• Try it:
Using the records below, write out only the lines from the line containing "Ninho Rolinho Redutor+ Almofada Amamentação Safari Cinza Ninho" up to and including the line containing "Professional Chauffeur Meeting", exactly, with no pictures.

• Input data:
===

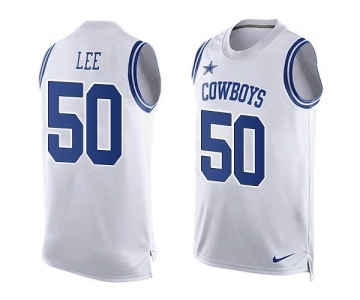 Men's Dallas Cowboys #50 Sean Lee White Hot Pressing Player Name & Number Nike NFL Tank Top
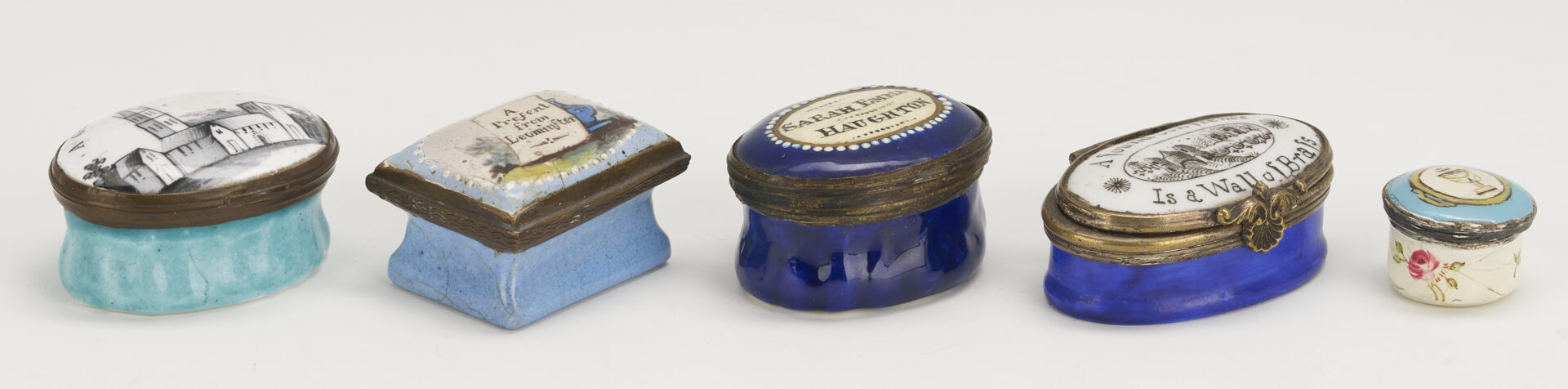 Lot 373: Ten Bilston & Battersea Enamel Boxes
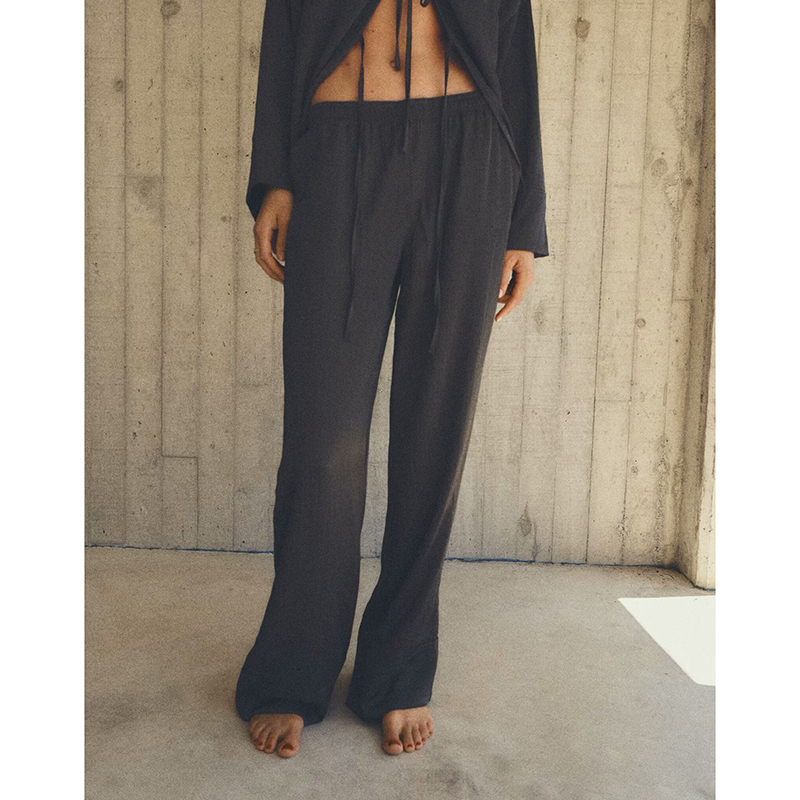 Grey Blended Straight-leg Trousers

===

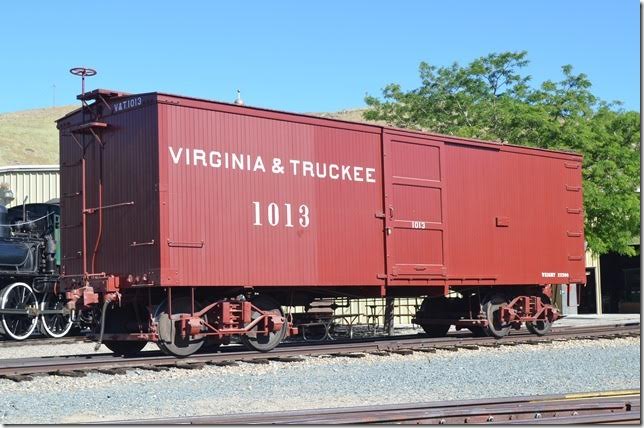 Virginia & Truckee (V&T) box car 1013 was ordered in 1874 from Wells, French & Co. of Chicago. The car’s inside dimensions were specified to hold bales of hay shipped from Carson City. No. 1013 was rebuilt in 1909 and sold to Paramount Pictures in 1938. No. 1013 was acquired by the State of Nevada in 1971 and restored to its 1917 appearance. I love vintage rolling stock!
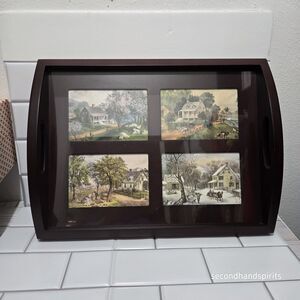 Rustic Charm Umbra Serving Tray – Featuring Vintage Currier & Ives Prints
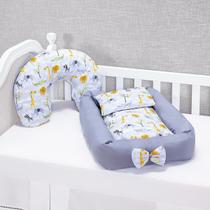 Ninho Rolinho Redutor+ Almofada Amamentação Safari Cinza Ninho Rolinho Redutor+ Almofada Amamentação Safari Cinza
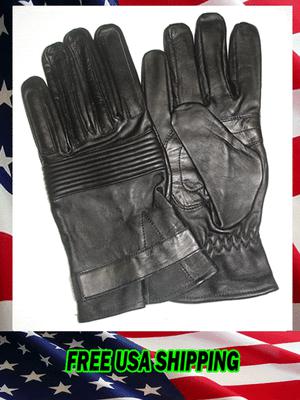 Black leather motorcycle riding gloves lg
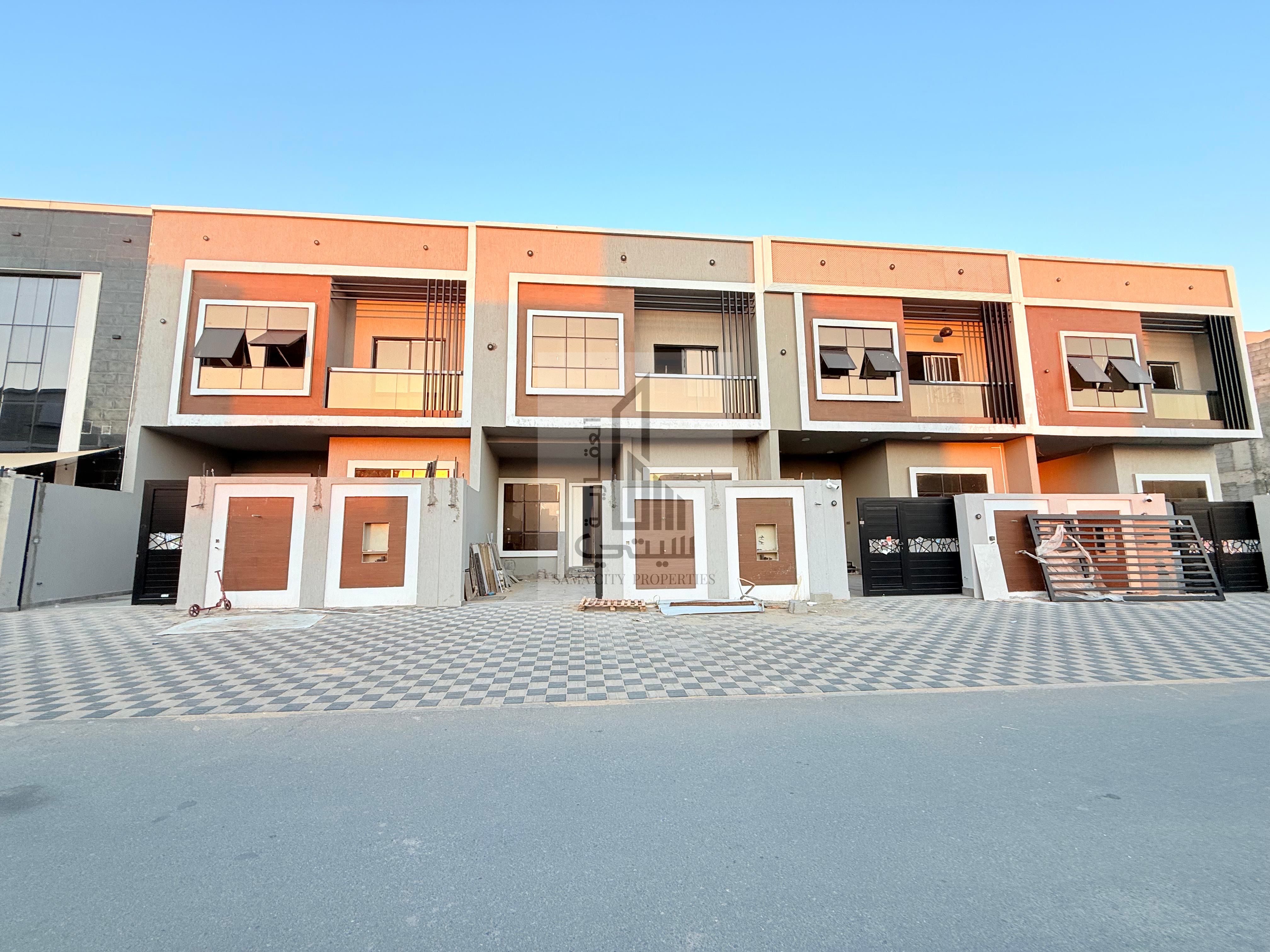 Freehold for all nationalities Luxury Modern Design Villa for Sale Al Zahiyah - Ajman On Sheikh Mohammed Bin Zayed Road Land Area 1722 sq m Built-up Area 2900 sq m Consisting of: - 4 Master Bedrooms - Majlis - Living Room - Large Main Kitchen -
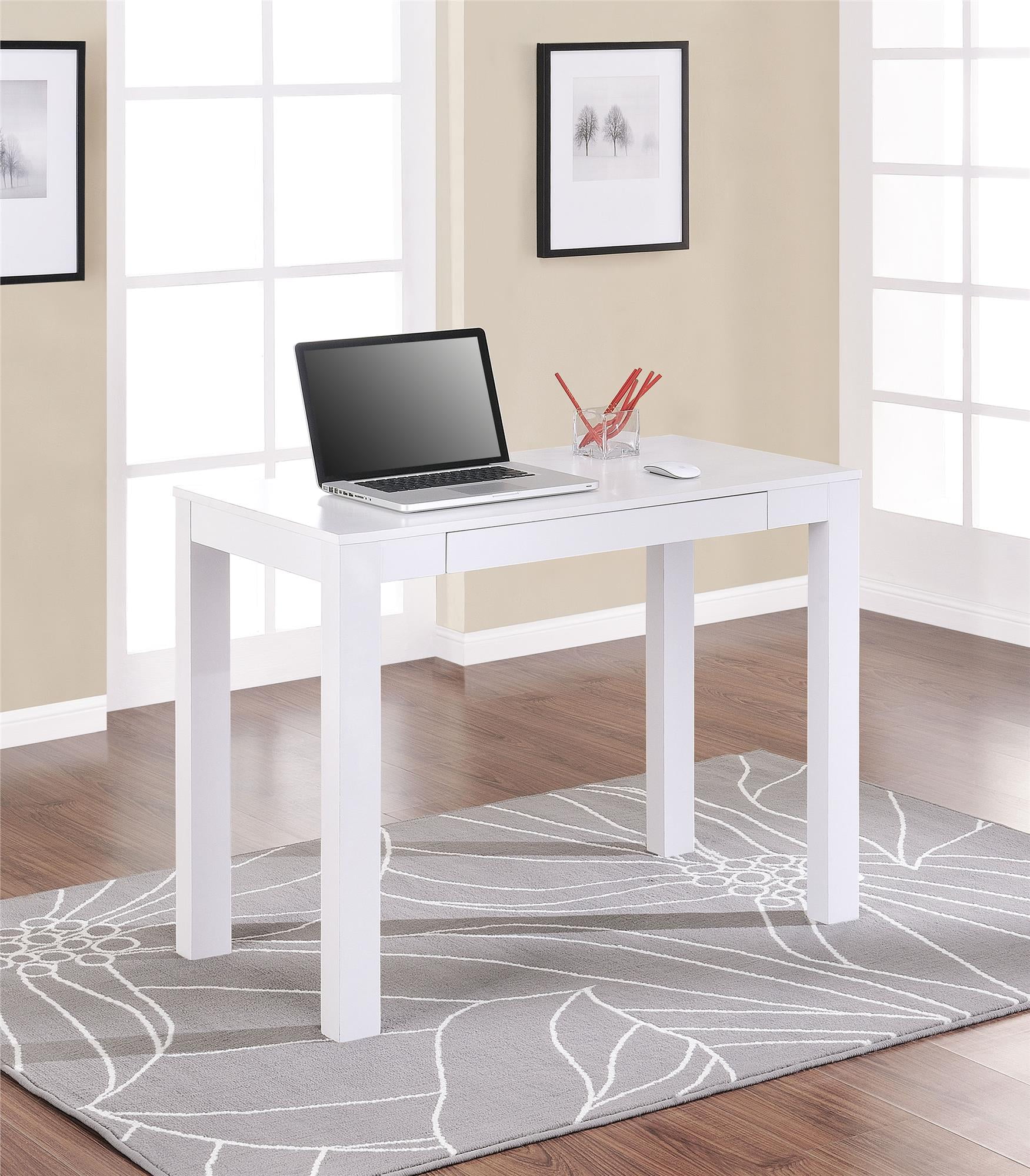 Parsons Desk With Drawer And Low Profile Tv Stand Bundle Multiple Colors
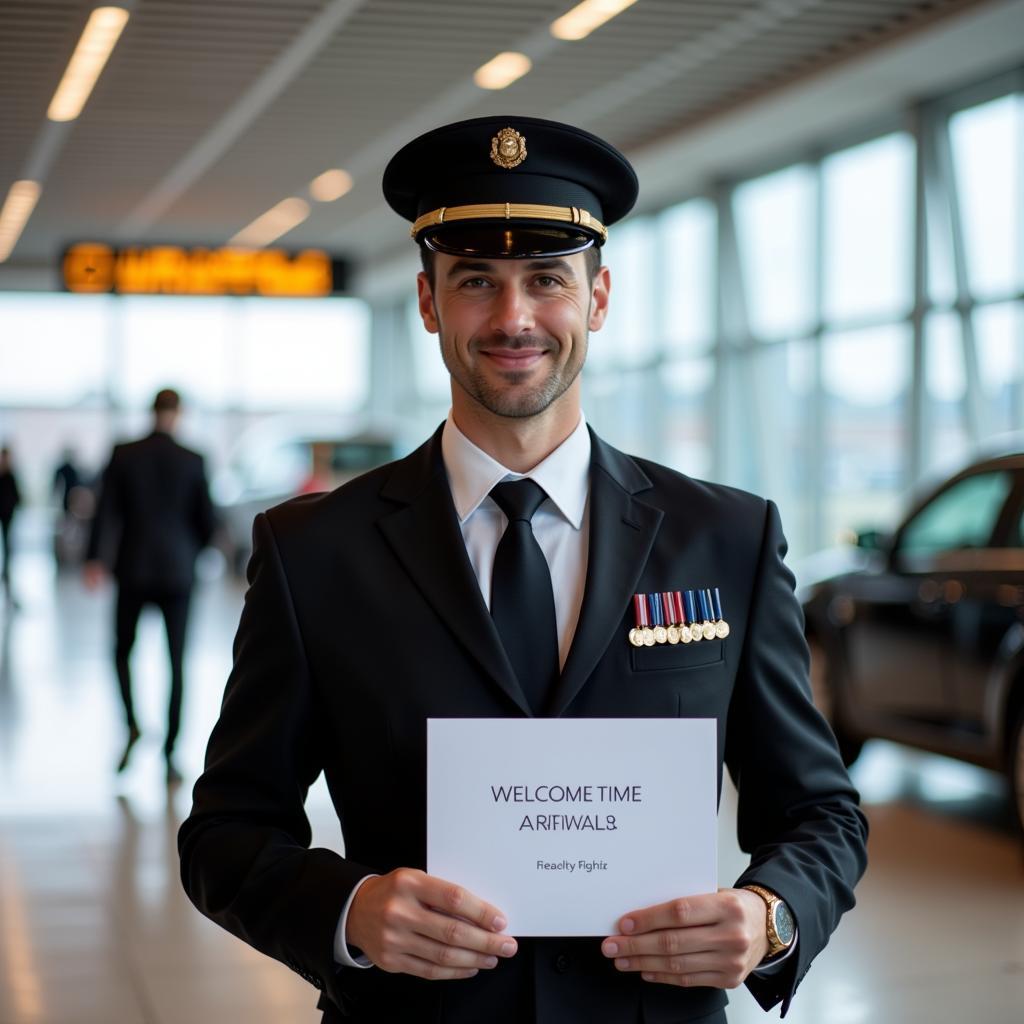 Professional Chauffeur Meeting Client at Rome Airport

===

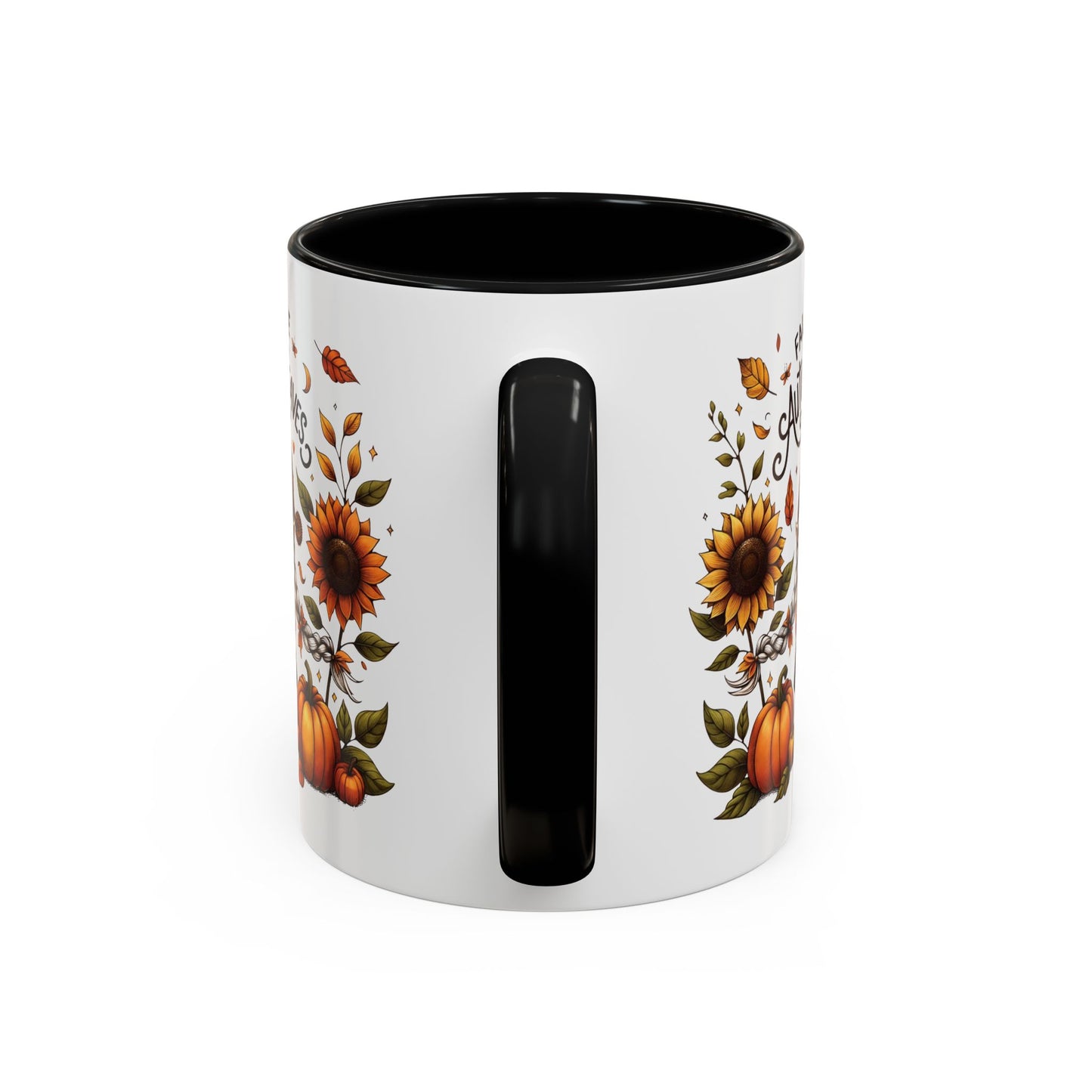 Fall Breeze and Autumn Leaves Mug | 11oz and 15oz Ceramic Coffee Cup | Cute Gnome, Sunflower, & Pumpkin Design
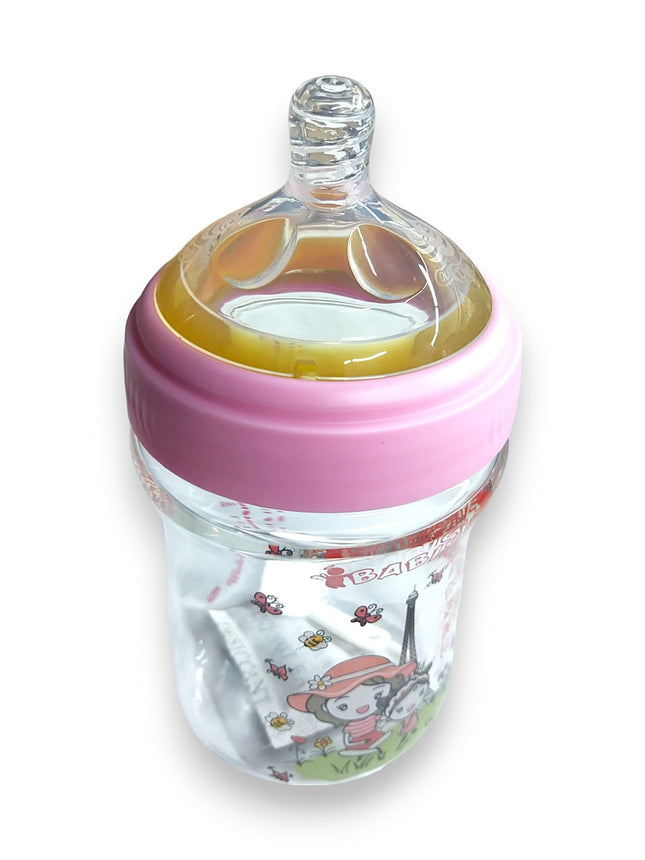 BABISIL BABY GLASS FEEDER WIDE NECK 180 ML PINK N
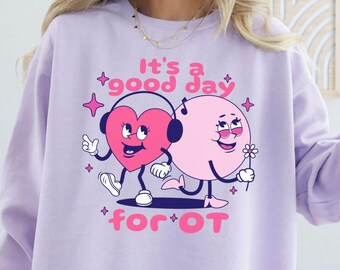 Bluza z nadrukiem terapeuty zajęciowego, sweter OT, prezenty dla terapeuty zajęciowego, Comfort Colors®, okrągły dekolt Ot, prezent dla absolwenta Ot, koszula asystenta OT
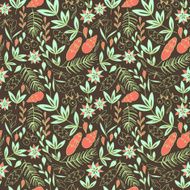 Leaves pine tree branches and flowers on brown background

===

• Response to this exercise:
 Ninho Rolinho Redutor+ Almofada Amamentação Safari Cinza Ninho Rolinho Redutor+ Almofada Amamentação Safari Cinza
 Black leather motorcycle riding gloves lg
 Freehold for all nationalities Luxury Modern Design Villa for Sale Al Zahiyah - Ajman On Sheikh Mohammed Bin Zayed Road Land Area 1722 sq m Built-up Area 2900 sq m Consisting of: - 4 Master Bedrooms - Majlis - Living Room - Large Main Kitchen -
 Parsons Desk With Drawer And Low Profile Tv Stand Bundle Multiple Colors
 Professional Chauffeur Meeting Client at Rome Airport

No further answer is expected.